Characterization of an α-L-fucosidase in marine bacterium Wenyingzhuangia fucanilytica: new evidence on the catalytic sites of GH95 family glycosidases.

Abstract

α-l-Fucose confers unique functions for fucose-containing biomolecules such as human milk oligosaccharides. α-l-Fucosidases can serve as desirable tools in the application of fucosylated saccharides. Discovering novel α-l-fucosidases and elucidating their enzyme properties are always worthy tasks. A GH95 family α-l-fucosidase named Afc95A_Wf was cloned from the genome of the marine bacterium Wenyingzhuangia fucanilytica and expressed in Escherichia coli. It exhibited maximum activity at 40 °C and pH 7.5. Afc95A_Wf defined a different substrate specificity among reported α-l-fucosidases, which was capable of hydrolyzing α-fucoside in CNP-fucose, Fucα1-2Galβ1-4Glc and Galβ1-4(Fucα1-3)Glc, and showed a preference for α1,2-fucosidic linkage. It adopted Asp residue in the amino acid sequence at position 391, which was distinct from the previously acknowledged residue of Asn. The predicted tertiary structure and site-directed mutagenesis revealed that Asp391 participates in the catalysis of Afc95A_Wf. The differences in the substrate specificity and catalytic site shed light on that Afc95A_Wf adopted a novel mechanism in catalysis. A GH95 family α-l-fucosidase (Afc95A_Wf) was cloned and expressed.
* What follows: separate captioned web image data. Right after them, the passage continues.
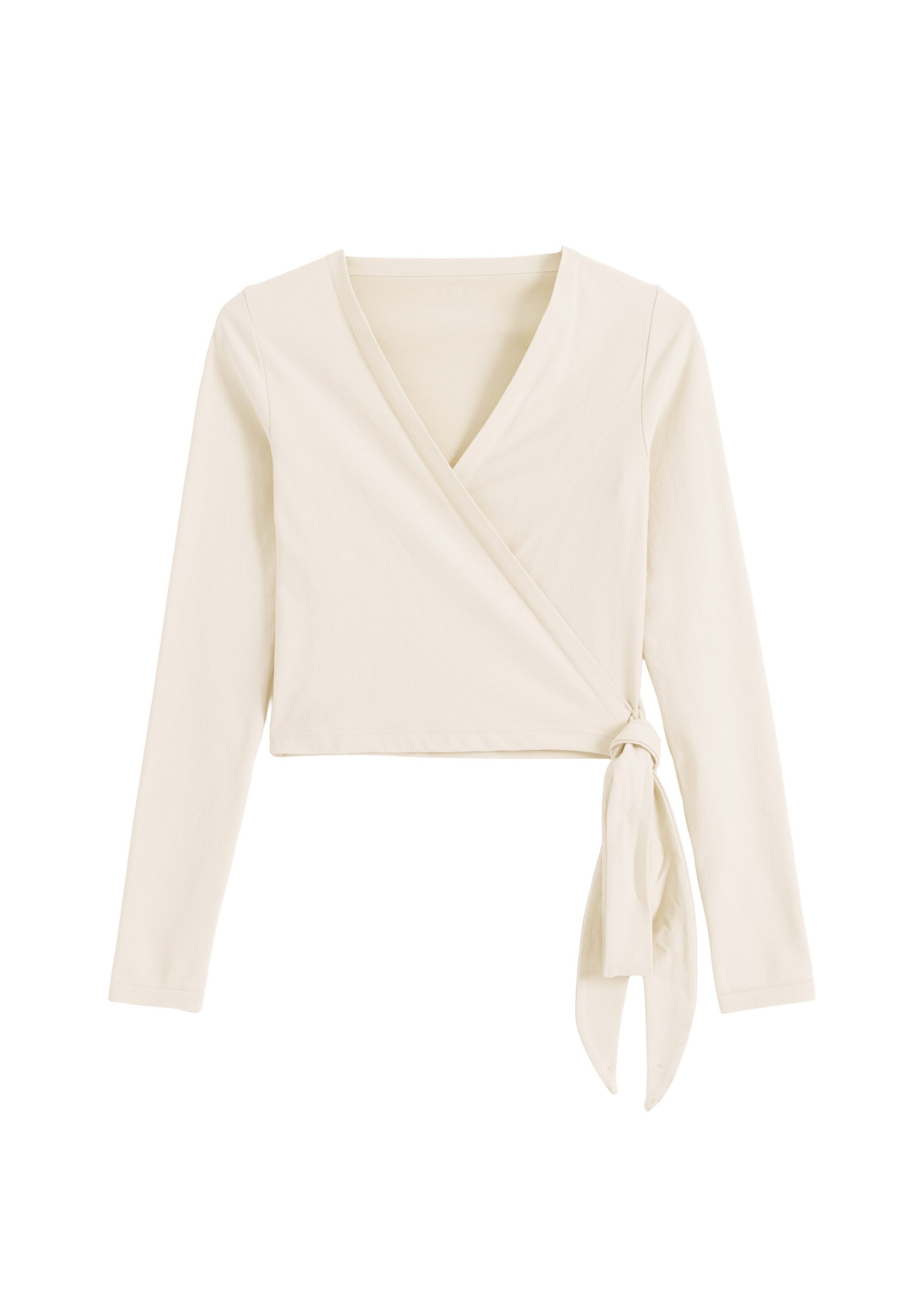 Aim'n - Blusa funcionais em bege: frente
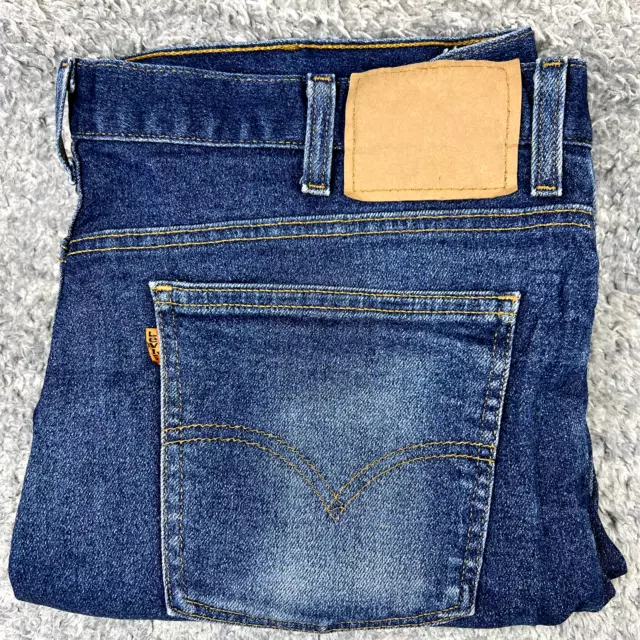 Vintage 1990S orange tab Levis 603 denim W36 L32 jeans relaxed blue medium wash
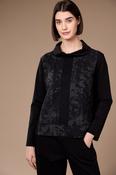 Peruzzi - Jacquard Top - Black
It showed a cleavage preference for α1,2-fucosidic linkage to α1,3-fucosidic linkage. Afc95A_Wf demonstrated a different substrate specificity and a residue at an important catalytic site compared with known GH95 family proteins, which revealed the occurrence of diversity on catalytic mechanisms in the GH95 family. © 2024 Society of Chemical Industry.